◆ What you have to do
A verbatim copy of the data below is the required output.

=== Begin Enclosure ===

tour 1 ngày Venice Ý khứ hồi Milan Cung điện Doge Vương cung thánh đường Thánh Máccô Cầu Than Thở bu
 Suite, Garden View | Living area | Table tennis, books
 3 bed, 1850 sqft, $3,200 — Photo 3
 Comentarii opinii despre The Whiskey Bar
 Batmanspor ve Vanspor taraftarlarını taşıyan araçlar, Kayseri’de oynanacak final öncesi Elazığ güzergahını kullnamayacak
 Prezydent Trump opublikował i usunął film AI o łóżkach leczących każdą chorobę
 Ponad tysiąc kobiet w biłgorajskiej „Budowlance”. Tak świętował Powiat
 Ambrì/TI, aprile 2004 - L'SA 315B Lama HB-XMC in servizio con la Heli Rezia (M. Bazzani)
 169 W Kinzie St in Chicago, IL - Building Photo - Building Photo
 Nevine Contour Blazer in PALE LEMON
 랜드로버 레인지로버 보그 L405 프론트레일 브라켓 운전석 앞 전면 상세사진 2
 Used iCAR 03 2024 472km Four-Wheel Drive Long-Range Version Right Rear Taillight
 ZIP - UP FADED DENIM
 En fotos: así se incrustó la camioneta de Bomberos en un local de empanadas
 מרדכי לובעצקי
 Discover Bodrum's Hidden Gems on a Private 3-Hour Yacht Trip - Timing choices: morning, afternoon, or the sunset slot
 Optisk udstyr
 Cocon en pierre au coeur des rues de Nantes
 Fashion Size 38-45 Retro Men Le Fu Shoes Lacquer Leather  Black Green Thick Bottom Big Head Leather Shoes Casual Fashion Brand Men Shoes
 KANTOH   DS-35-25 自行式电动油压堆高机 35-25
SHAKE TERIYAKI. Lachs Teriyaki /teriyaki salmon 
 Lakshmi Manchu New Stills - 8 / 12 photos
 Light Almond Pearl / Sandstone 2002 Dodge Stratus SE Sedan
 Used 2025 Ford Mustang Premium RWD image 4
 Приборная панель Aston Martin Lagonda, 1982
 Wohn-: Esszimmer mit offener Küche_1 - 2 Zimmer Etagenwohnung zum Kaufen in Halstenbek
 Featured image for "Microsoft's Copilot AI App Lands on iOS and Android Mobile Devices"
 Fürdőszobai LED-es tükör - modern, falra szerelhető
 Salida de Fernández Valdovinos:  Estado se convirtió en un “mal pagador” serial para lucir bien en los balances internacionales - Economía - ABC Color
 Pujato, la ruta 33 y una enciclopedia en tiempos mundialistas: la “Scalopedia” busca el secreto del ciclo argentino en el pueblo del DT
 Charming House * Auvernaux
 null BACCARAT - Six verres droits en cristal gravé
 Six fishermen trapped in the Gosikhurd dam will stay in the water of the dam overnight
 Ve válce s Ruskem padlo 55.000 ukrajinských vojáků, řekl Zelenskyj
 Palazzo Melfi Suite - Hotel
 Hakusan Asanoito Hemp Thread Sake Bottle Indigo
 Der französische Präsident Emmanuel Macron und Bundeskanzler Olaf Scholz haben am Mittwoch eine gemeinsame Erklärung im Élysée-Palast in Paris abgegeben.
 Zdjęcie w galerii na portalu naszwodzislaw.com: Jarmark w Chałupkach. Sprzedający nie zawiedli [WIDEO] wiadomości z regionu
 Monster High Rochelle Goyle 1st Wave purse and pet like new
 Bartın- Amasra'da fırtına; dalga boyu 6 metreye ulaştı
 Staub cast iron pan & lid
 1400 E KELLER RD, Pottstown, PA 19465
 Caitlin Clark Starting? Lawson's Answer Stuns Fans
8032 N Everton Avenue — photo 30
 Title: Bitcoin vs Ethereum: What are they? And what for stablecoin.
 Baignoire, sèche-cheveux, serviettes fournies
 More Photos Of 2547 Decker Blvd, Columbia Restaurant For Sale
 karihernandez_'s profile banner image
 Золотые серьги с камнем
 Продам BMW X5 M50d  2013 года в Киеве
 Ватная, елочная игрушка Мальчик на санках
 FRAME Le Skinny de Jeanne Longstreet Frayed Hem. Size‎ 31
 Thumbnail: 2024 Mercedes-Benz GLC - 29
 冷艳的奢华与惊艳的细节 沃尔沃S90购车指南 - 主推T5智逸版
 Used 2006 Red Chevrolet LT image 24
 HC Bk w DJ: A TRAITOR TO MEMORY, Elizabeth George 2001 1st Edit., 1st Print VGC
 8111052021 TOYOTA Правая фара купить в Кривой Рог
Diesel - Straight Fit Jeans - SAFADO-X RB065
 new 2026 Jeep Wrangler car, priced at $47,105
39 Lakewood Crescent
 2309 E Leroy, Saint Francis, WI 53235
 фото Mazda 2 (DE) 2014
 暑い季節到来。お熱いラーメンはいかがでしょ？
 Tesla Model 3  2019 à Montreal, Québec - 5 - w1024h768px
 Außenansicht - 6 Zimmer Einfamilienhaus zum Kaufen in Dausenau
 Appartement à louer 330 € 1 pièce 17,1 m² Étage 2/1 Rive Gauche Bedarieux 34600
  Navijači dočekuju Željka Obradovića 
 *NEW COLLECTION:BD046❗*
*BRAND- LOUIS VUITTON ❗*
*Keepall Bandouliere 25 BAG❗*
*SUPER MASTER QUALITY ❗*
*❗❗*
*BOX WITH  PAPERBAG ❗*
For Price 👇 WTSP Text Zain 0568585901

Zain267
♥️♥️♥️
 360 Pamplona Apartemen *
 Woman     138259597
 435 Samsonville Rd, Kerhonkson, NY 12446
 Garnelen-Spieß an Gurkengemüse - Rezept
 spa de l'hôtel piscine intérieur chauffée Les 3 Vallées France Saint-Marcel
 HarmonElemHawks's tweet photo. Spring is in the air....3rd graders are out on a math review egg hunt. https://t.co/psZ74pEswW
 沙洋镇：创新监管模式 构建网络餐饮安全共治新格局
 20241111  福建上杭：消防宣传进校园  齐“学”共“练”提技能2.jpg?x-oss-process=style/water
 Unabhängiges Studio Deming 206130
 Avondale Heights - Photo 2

=== End Enclosure ===

◆ Answer section
tour 1 ngày Venice Ý khứ hồi Milan Cung điện Doge Vương cung thánh đường Thánh Máccô Cầu Than Thở bu
 Suite, Garden View | Living area | Table tennis, books
 3 bed, 1850 sqft, $3,200 — Photo 3
 Comentarii opinii despre The Whiskey Bar
 Batmanspor ve Vanspor taraftarlarını taşıyan araçlar, Kayseri’de oynanacak final öncesi Elazığ güzergahını kullnamayacak
 Prezydent Trump opublikował i usunął film AI o łóżkach leczących każdą chorobę
 Ponad tysiąc kobiet w biłgorajskiej „Budowlance”. Tak świętował Powiat
 Ambrì/TI, aprile 2004 - L'SA 315B Lama HB-XMC in servizio con la Heli Rezia (M. Bazzani)
 169 W Kinzie St in Chicago, IL - Building Photo - Building Photo
 Nevine Contour Blazer in PALE LEMON
 랜드로버 레인지로버 보그 L405 프론트레일 브라켓 운전석 앞 전면 상세사진 2
 Used iCAR 03 2024 472km Four-Wheel Drive Long-Range Version Right Rear Taillight
 ZIP - UP FADED DENIM
 En fotos: así se incrustó la camioneta de Bomberos en un local de empanadas
 מרדכי לובעצקי
 Discover Bodrum's Hidden Gems on a Private 3-Hour Yacht Trip - Timing choices: morning, afternoon, or the sunset slot
 Optisk udstyr
 Cocon en pierre au coeur des rues de Nantes
 Fashion Size 38-45 Retro Men Le Fu Shoes Lacquer Leather  Black Green Thick Bottom Big Head Leather Shoes Casual Fashion Brand Men Shoes
 KANTOH   DS-35-25 自行式电动油压堆高机 35-25
SHAKE TERIYAKI. Lachs Teriyaki /teriyaki salmon 
 Lakshmi Manchu New Stills - 8 / 12 photos
 Light Almond Pearl / Sandstone 2002 Dodge Stratus SE Sedan
 Used 2025 Ford Mustang Premium RWD image 4
 Приборная панель Aston Martin Lagonda, 1982
 Wohn-: Esszimmer mit offener Küche_1 - 2 Zimmer Etagenwohnung zum Kaufen in Halstenbek
 Featured image for "Microsoft's Copilot AI App Lands on iOS and Android Mobile Devices"
 Fürdőszobai LED-es tükör - modern, falra szerelhető
 Salida de Fernández Valdovinos:  Estado se convirtió en un “mal pagador” serial para lucir bien en los balances internacionales - Economía - ABC Color
 Pujato, la ruta 33 y una enciclopedia en tiempos mundialistas: la “Scalopedia” busca el secreto del ciclo argentino en el pueblo del DT
 Charming House * Auvernaux
 null BACCARAT - Six verres droits en cristal gravé
 Six fishermen trapped in the Gosikhurd dam will stay in the water of the dam overnight
 Ve válce s Ruskem padlo 55.000 ukrajinských vojáků, řekl Zelenskyj
 Palazzo Melfi Suite - Hotel
 Hakusan Asanoito Hemp Thread Sake Bottle Indigo
 Der französische Präsident Emmanuel Macron und Bundeskanzler Olaf Scholz haben am Mittwoch eine gemeinsame Erklärung im Élysée-Palast in Paris abgegeben.
 Zdjęcie w galerii na portalu naszwodzislaw.com: Jarmark w Chałupkach. Sprzedający nie zawiedli [WIDEO] wiadomości z regionu
 Monster High Rochelle Goyle 1st Wave purse and pet like new
 Bartın- Amasra'da fırtına; dalga boyu 6 metreye ulaştı
 Staub cast iron pan & lid
 1400 E KELLER RD, Pottstown, PA 19465
 Caitlin Clark Starting? Lawson's Answer Stuns Fans
8032 N Everton Avenue — photo 30
 Title: Bitcoin vs Ethereum: What are they? And what for stablecoin.
 Baignoire, sèche-cheveux, serviettes fournies
 More Photos Of 2547 Decker Blvd, Columbia Restaurant For Sale
 karihernandez_'s profile banner image
 Золотые серьги с камнем
 Продам BMW X5 M50d  2013 года в Киеве
 Ватная, елочная игрушка Мальчик на санках
 FRAME Le Skinny de Jeanne Longstreet Frayed Hem. Size‎ 31
 Thumbnail: 2024 Mercedes-Benz GLC - 29
 冷艳的奢华与惊艳的细节 沃尔沃S90购车指南 - 主推T5智逸版
 Used 2006 Red Chevrolet LT image 24
 HC Bk w DJ: A TRAITOR TO MEMORY, Elizabeth George 2001 1st Edit., 1st Print VGC
 8111052021 TOYOTA Правая фара купить в Кривой Рог
Diesel - Straight Fit Jeans - SAFADO-X RB065
 new 2026 Jeep Wrangler car, priced at $47,105
39 Lakewood Crescent
 2309 E Leroy, Saint Francis, WI 53235
 фото Mazda 2 (DE) 2014
 暑い季節到来。お熱いラーメンはいかがでしょ？
 Tesla Model 3  2019 à Montreal, Québec - 5 - w1024h768px
 Außenansicht - 6 Zimmer Einfamilienhaus zum Kaufen in Dausenau
 Appartement à louer 330 € 1 pièce 17,1 m² Étage 2/1 Rive Gauche Bedarieux 34600
  Navijači dočekuju Željka Obradovića 
 *NEW COLLECTION:BD046❗*
*BRAND- LOUIS VUITTON ❗*
*Keepall Bandouliere 25 BAG❗*
*SUPER MASTER QUALITY ❗*
*❗❗*
*BOX WITH  PAPERBAG ❗*
For Price 👇 WTSP Text Zain 0568585901

Zain267
♥️♥️♥️
 360 Pamplona Apartemen *
 Woman     138259597
 435 Samsonville Rd, Kerhonkson, NY 12446
 Garnelen-Spieß an Gurkengemüse - Rezept
 spa de l'hôtel piscine intérieur chauffée Les 3 Vallées France Saint-Marcel
 HarmonElemHawks's tweet photo. Spring is in the air....3rd graders are out on a math review egg hunt. https://t.co/psZ74pEswW
 沙洋镇：创新监管模式 构建网络餐饮安全共治新格局
 20241111  福建上杭：消防宣传进校园  齐“学”共“练”提技能2.jpg?x-oss-process=style/water
 Unabhängiges Studio Deming 206130
 Avondale Heights - Photo 2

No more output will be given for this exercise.